**AIM OF THE TASK**
Take the lines below from the first through the one that contains "Zrównoważone podróże po" and copy them exactly.

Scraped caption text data
····················
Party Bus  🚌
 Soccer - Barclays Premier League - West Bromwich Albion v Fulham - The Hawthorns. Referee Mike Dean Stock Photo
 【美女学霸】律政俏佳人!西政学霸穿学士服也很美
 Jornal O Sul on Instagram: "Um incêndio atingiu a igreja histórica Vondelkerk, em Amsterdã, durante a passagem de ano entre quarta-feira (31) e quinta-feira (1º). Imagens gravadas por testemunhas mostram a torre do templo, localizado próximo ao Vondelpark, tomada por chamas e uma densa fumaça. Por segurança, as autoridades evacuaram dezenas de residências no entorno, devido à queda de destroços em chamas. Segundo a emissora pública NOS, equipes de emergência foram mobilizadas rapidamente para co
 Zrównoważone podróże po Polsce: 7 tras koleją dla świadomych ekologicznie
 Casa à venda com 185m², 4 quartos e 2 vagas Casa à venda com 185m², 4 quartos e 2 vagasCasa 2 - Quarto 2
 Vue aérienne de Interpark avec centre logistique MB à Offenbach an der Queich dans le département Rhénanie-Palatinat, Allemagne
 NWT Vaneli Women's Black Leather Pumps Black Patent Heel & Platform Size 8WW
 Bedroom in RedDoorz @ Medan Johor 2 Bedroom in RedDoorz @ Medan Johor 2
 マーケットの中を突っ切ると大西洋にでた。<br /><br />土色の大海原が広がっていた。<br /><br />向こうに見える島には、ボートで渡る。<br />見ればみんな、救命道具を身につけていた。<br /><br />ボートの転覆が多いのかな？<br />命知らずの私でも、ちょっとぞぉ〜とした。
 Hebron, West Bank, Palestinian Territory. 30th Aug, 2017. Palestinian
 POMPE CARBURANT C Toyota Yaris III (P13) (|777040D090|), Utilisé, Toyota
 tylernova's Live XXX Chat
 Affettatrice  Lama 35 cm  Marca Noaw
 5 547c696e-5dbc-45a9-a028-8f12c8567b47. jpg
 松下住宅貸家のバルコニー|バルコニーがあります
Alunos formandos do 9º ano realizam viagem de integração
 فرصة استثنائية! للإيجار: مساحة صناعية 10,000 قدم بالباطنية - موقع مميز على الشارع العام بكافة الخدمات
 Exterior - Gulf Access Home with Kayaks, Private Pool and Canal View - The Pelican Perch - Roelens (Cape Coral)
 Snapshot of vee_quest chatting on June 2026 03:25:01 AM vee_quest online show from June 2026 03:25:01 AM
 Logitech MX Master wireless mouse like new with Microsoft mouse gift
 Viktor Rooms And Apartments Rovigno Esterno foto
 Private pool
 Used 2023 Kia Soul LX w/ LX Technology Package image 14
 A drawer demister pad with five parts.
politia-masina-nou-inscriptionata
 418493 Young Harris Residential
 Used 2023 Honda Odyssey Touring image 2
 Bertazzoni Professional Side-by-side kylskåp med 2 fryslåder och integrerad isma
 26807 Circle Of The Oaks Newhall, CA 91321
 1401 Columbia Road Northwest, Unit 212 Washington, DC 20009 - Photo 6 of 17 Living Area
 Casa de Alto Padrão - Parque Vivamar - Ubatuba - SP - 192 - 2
····················
**FINISHED EXERCISE**
Party Bus  🚌
 Soccer - Barclays Premier League - West Bromwich Albion v Fulham - The Hawthorns. Referee Mike Dean Stock Photo
 【美女学霸】律政俏佳人!西政学霸穿学士服也很美
 Jornal O Sul on Instagram: "Um incêndio atingiu a igreja histórica Vondelkerk, em Amsterdã, durante a passagem de ano entre quarta-feira (31) e quinta-feira (1º). Imagens gravadas por testemunhas mostram a torre do templo, localizado próximo ao Vondelpark, tomada por chamas e uma densa fumaça. Por segurança, as autoridades evacuaram dezenas de residências no entorno, devido à queda de destroços em chamas. Segundo a emissora pública NOS, equipes de emergência foram mobilizadas rapidamente para co
 Zrównoważone podróże po Polsce: 7 tras koleją dla świadomych ekologicznie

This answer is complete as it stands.